Aim of the exercise:
As soon as the line containing "House image located at Clovis, CA 93612" appears, copy it and every following line word for word until the records end.

(Short text fragments from websites)
● ● ● ● ● ● ●

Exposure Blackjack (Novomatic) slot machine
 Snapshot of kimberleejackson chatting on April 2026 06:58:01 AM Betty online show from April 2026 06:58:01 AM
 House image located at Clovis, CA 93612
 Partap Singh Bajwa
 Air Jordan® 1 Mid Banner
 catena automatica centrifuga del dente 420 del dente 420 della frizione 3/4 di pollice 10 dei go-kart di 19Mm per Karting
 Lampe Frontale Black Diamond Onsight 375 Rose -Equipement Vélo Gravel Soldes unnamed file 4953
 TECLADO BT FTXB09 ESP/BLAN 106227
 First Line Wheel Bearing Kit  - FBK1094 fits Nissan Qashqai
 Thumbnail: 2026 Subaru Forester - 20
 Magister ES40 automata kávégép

● ● ● ● ● ● ●

Solution to this task:
 House image located at Clovis, CA 93612
 Partap Singh Bajwa
 Air Jordan® 1 Mid Banner
 catena automatica centrifuga del dente 420 del dente 420 della frizione 3/4 di pollice 10 dei go-kart di 19Mm per Karting
 Lampe Frontale Black Diamond Onsight 375 Rose -Equipement Vélo Gravel Soldes unnamed file 4953
 TECLADO BT FTXB09 ESP/BLAN 106227
 First Line Wheel Bearing Kit  - FBK1094 fits Nissan Qashqai
 Thumbnail: 2026 Subaru Forester - 20
 Magister ES40 automata kávégép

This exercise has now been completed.